Za dziecko rodzice mogą zapłacić nawet 500 złotych mandatu. Funkcjonariusze policji będą bezlitośni, warto przeczytać i wiedzieć, nim będzie za późno.
Jeżeli dziecko złamie ważną zasadę, rodzic może zapłacić nawet pół tysiąca mandatu. Szczegółowe informacje w tej sprawie właśnie przedostały się do mediów.
Rodzice mogą zapłacić za dziecko nawet 500 zł kary
Od niedawna w Polsce znów panuje obowiązek zasłaniania ust oraz nosa w przestrzeni otwartej. Ze względu na drastyczny przyrost zachorowań, co możemy obserwować od kilku tygodni, rząd został zmuszony do podjęcia radykalnych działań w walce z epidemią. Należy pamiętać, że obostrzenie w sprawie maseczek dotyczy nie tylko osoby dorosłe czy młodzież, ale również dzieci od 5. roku życia. Serwis Webniusy zaznacza, że zgodnie z nowymi zasadami, każdy, kto nie zasłoni w przestrzeni publicznej ust oraz nosa, może zostać ukarany mandatem do 500 zł.

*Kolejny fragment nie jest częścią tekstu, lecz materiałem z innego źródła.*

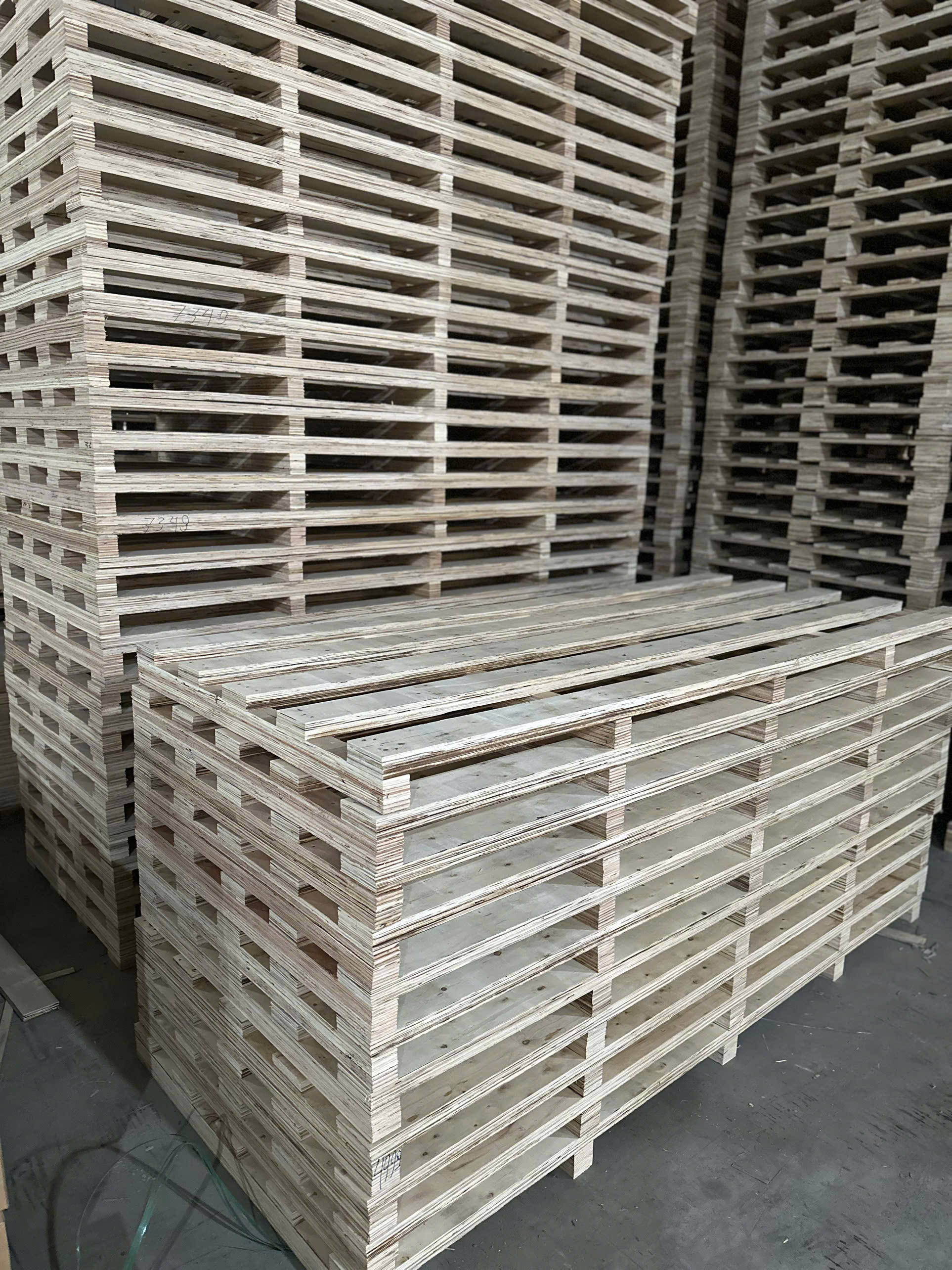Pallet gỗ ván ép giá rẻ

Nałożony przez policjantów może zostać nie tylko na dorosłych, którzy nie mają maseczki, ale też rodziców dzieci, u których zauważono jej brak. Psychologowie są natomiast świadomi, że nakłonienie 5-latków do założenia maseczki jest nie lada wyzwaniem. Pociechy obawiają się również, gdy to rodzic ma do połowy zasłoniętą twarz. Eksperci zalecając więc, by szczególnie w czasie poruszania się w miejscu publicznym, rodzice raz na jakiś czas zdjęli maseczkę, by pokazać dziecku twarz, a następnie znów ją założyli.

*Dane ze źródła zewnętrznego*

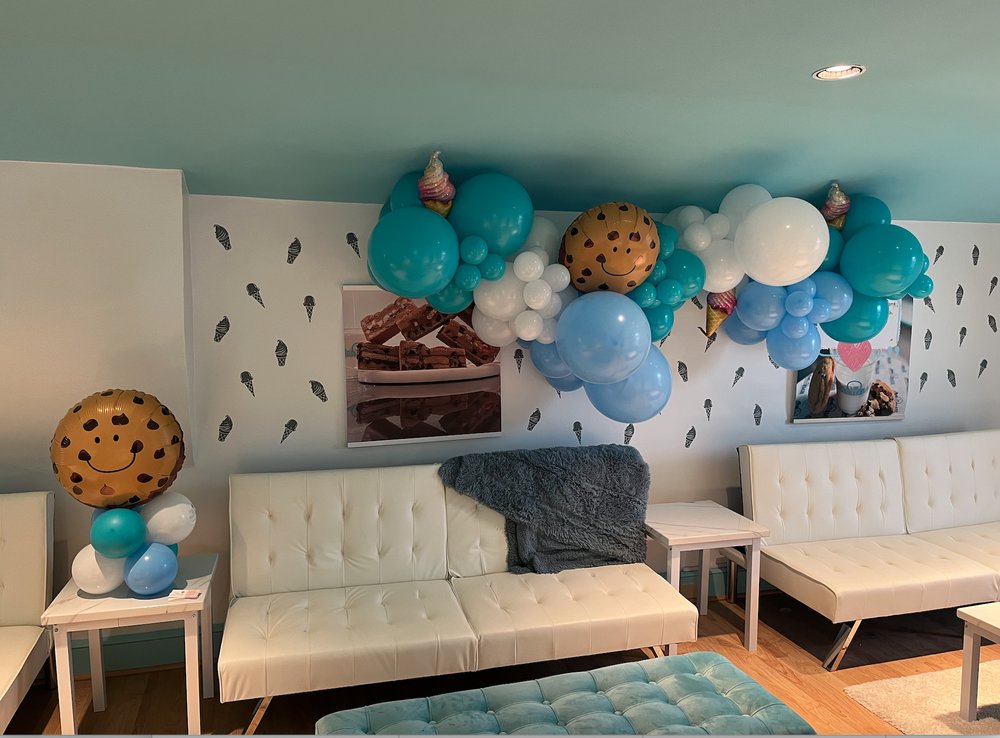 MOM’S COOKIE BAR Updated August 2024 19 Photos & 12 Reviews 21 N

– Myślę, że ważne jest, aby wyjaśnić dzieciom, że ludzie noszą maski jako sposób na pomaganie innym – w przeciwnym razie zakładają, że są niebezpieczne. – wyjaśnia Dr Harold Koplewicz.

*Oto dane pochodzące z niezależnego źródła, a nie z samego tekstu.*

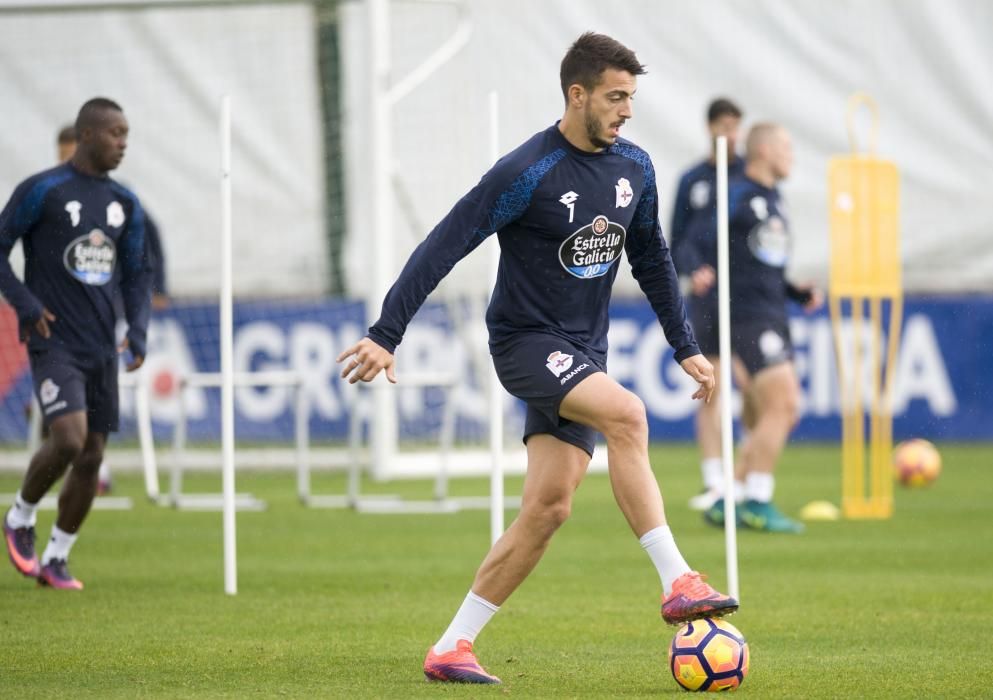 Laure se reincorpora al grupo, con el que también trabajan Juanfran y Joselu.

Serwis Webniusy przypomina również, że zwolnione z obowiązku noszenia maseczki, a tym samym mandatu za jej brak, są:
– dzieci poniżej 5. roku życia,
– osoby posiadające całościowe zaburzenia rozwoju,
– chorzy psychicznie,
– niepełnosprawni intelektualnie w stopniu umiarkowanym,
– znacznym lub głębokim,
– a także osoby, które miałyby problem z samodzielnym zakryciem lub odkryciem ust i nosa.